» **DIRECTIONS FOR THIS TASK**: Each line of data below must be printed exactly as written, with any pictures removed.

» **TASK INPUT**:

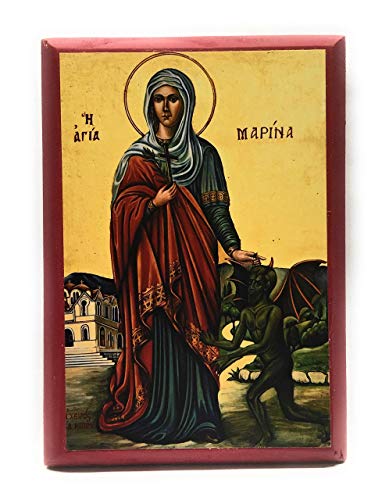 Wooden Orthodox Christian Icon Saint the Great Martyr Marina (4.5" x 6.5")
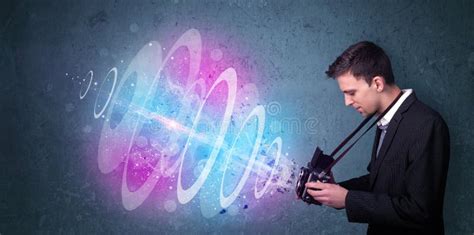 Photographer Making Photos with Powerful Light Beam Stock Illustration - Illustration of ...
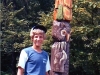 Rossie by a totem pole in Arizona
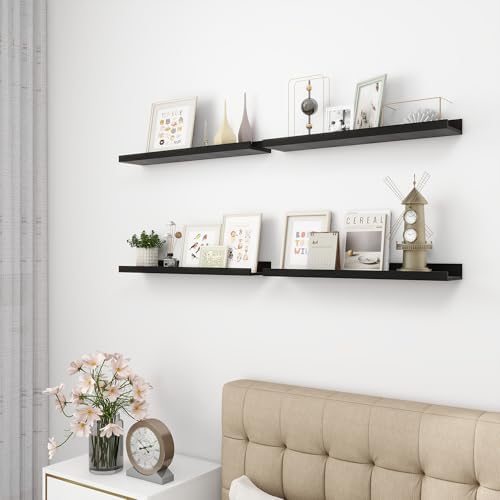 Acovy 24 inch Picture Ledge Shelf, Wood Floating Shelves Set of 4, Black
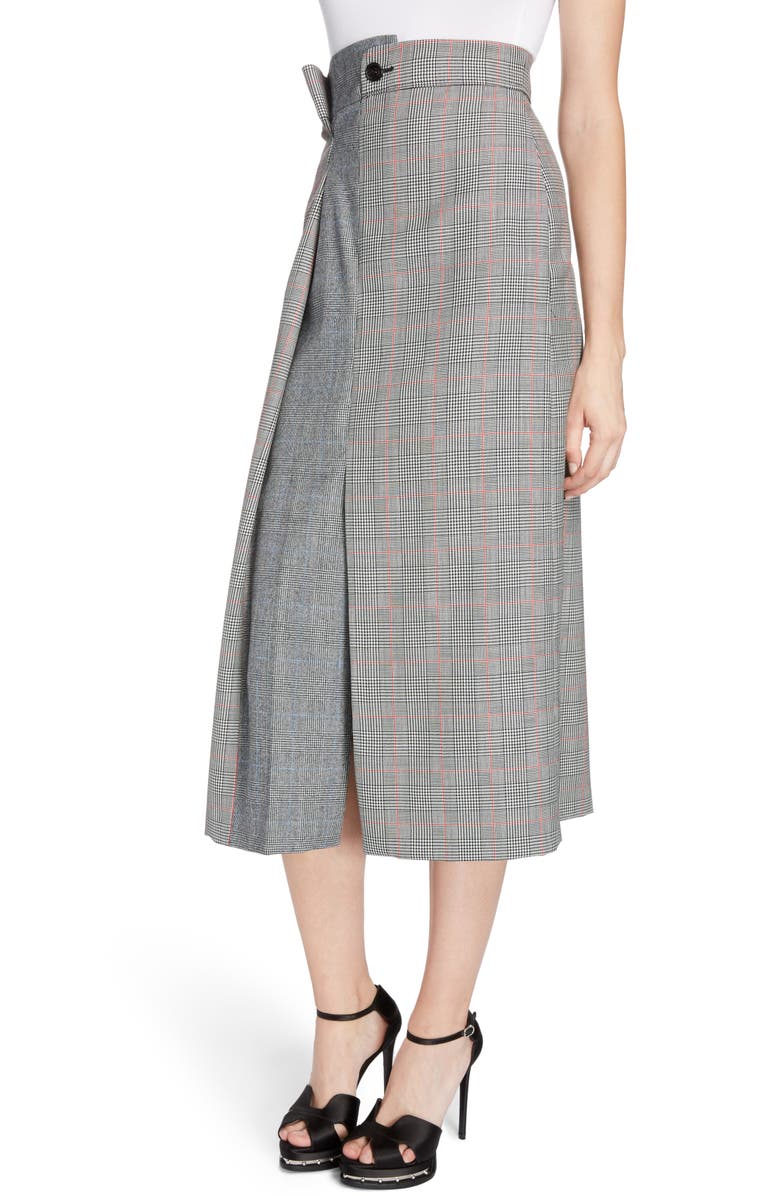 McQueen Alexander McQueen Prince of Wales Check Midi Skirt, Alternate, color,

» **ANSWER SPACE**:
 Wooden Orthodox Christian Icon Saint the Great Martyr Marina (4.5" x 6.5")
 Photographer Making Photos with Powerful Light Beam Stock Illustration - Illustration of ...
 Rossie by a totem pole in Arizona
 Acovy 24 inch Picture Ledge Shelf, Wood Floating Shelves Set of 4, Black
 McQueen Alexander McQueen Prince of Wales Check Midi Skirt, Alternate, color,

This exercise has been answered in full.